I have 2 separate queries (TVFs) doing aggregations, and then a final Query to join the 2 together for final results. So ...
Table > Header Query
Table > Detail Query
Result = Header Query + Detail Query
To test the whole logic out, I run the minor queries separately with a filter, storing the results to file, and then use the hard files as sources for the final query; these are the total durations (minutes).
Header Query 1.4 (408 rows)
Detail Query 0.9 (3298 rows)
Final Query 0.9 (408 rows)
So I know that as a maximum, I can get my result in around 3.5 minutes. However, I don't really want to create new intermediary files. I want to use the TDFs directly to feed the final query.
With TDFs in the final query, the Job Graph gets to around 97% progress within about 1.5 minutes. But then, all hell breaks loose ! The last node is a Aggregate with 2,500 Vertices that says 16 minutes compute time. So my question ... WHY ??
Is this a case of me not understanding some fundamental concepts of how Azure works ?
So, can anyone explain what's going on? Any help appreciated.
Final Query:
@Header =
SELECT [CTNNumber],
[CTNCycleNo],
[SeqStart],
[SeqEnd],
[StartUTC],
[EndUTC],
[StartLoc],
[StartType],
[EndLoc],
[EndType],
[Start Step],
[Start Ctn Status],
[Start Fill Status],
[EndStep],
[End Ctn Status],
[End Fill Status]
FROM [Play].[getCycles3]
("") AS X;
@Detail =
SELECT [CTNNumber],
[SeqNo] AS [SeqNo],
[LocationType],
[LocationID],
[BizstepDescription],
[ContainerStatus],
[FillStatus],
[UTCTimeStampforEvent]
FROM [Play].[getRaw]
("") AS Z;
@result =
SELECT
H.[CTNNumber], H.[CTNCycleNo], H.[SeqStart], H.[SeqEnd]

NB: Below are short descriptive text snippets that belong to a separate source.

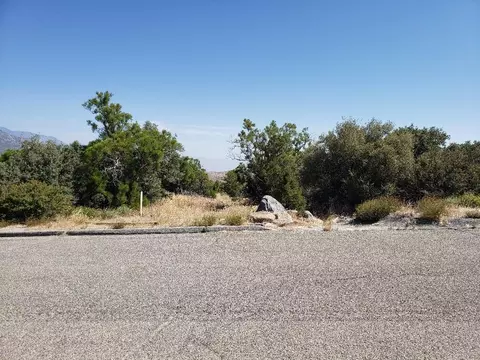 0 Ribbonwood Dr, Mountain Center, CA 92561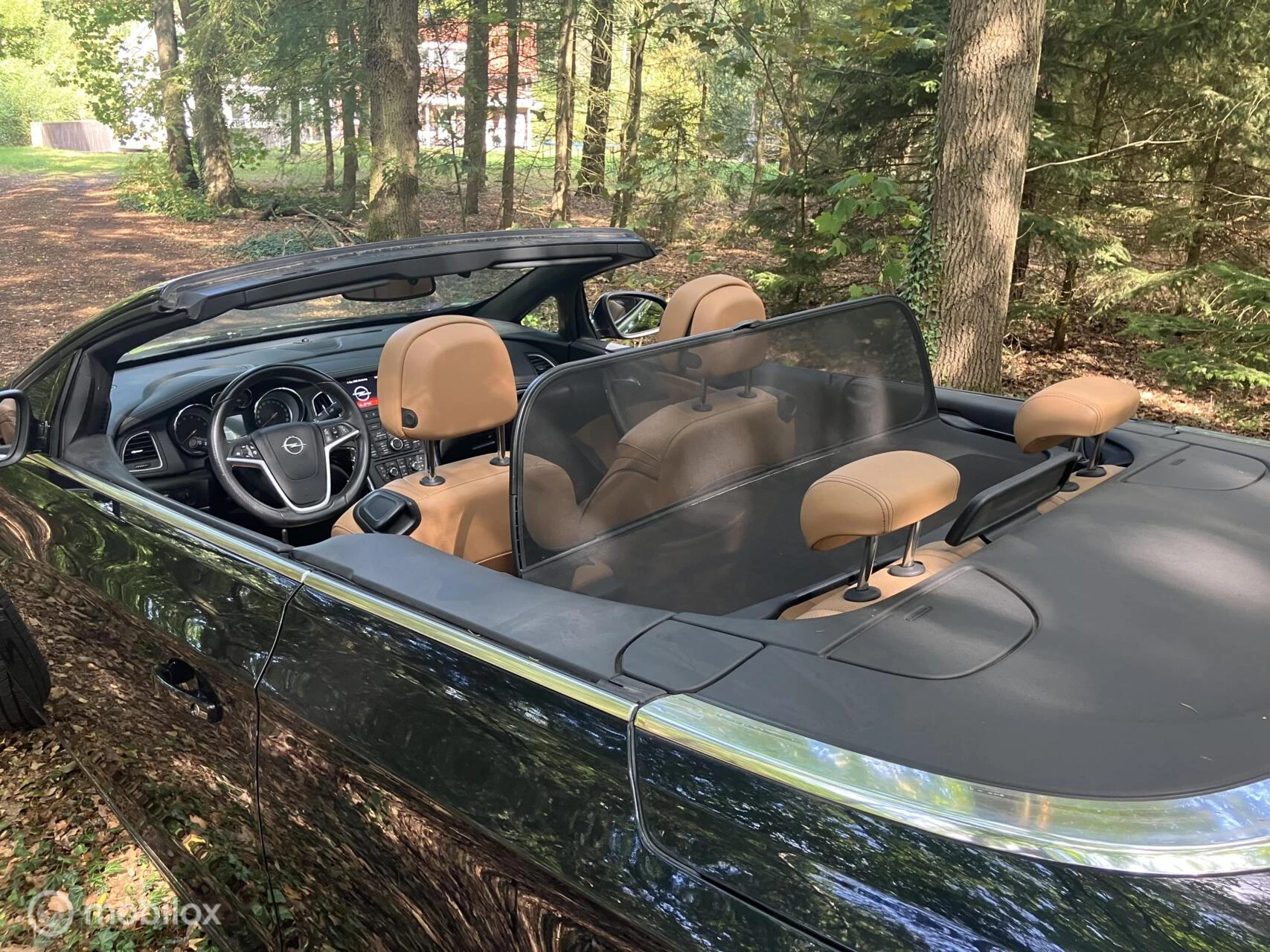 Hoofdafbeelding Opel Cascada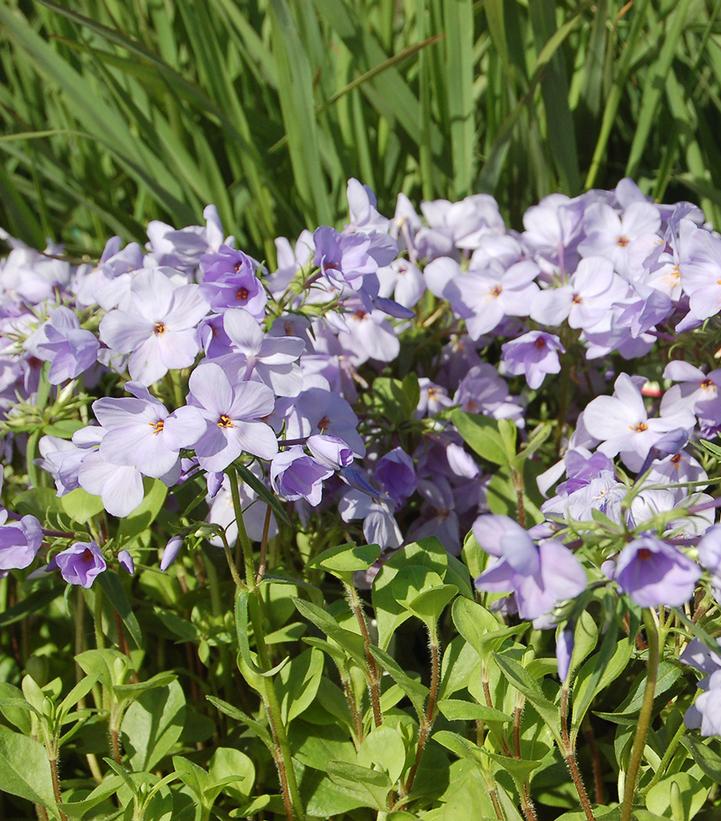Phlox stolonifera ''Blue Ridge'' - Blue Ridge Creeping Phlox from Prides Corner Farms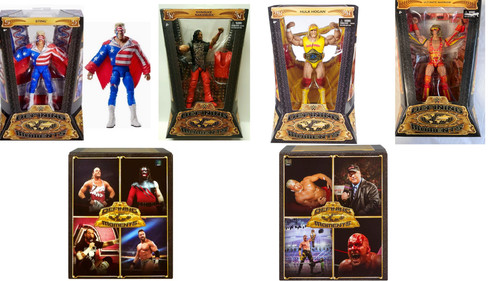 Wwe action figure - wwe,
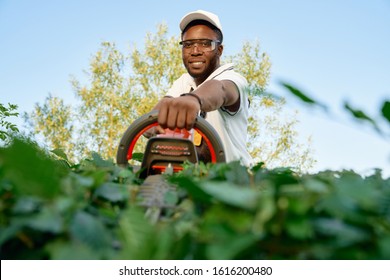 Portrait of cheerful african man in protective glasses and summer hat pruning hedge with hand trimmer. Male gardener in working clothing cutting bushes during sunny days. - Powered by Shutterstock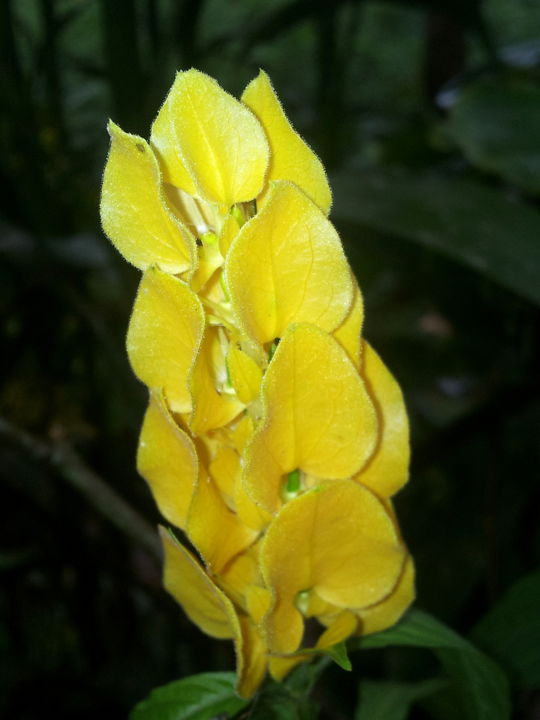 "yellow-flower-mindo…" başlıklı Fotoğraf Suleiman tarafından, Orijinal sanat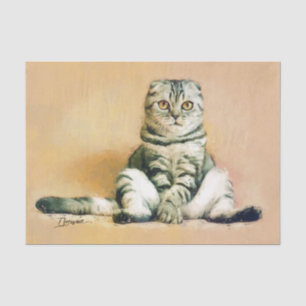 Schottische Folkkatze Sitzportrait Seidenpapier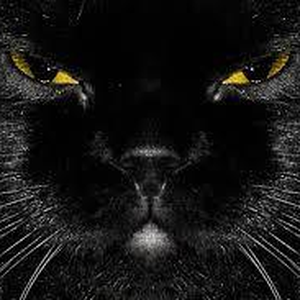 Foto de perfil de Eduardo Gonçalves da Silva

,COUNT([D].[SeqNo]) AS [SeqCount]
//, COUNT(DISTINCT [LocationID]) AS [#Locations]
FROM
@Header AS [H]
INNER JOIN
@Detail AS [D]
ON
[H].[CTNNumber] == [D].[CTNNumber]
WHERE
[D].[SeqNo] >= [H].[SeqStart] AND
[D].[SeqNo] <= [H].[SeqEnd]
GROUP BY
H.[CTNNumber], H.[CTNCycleNo], H.[SeqStart], H.[SeqEnd]
;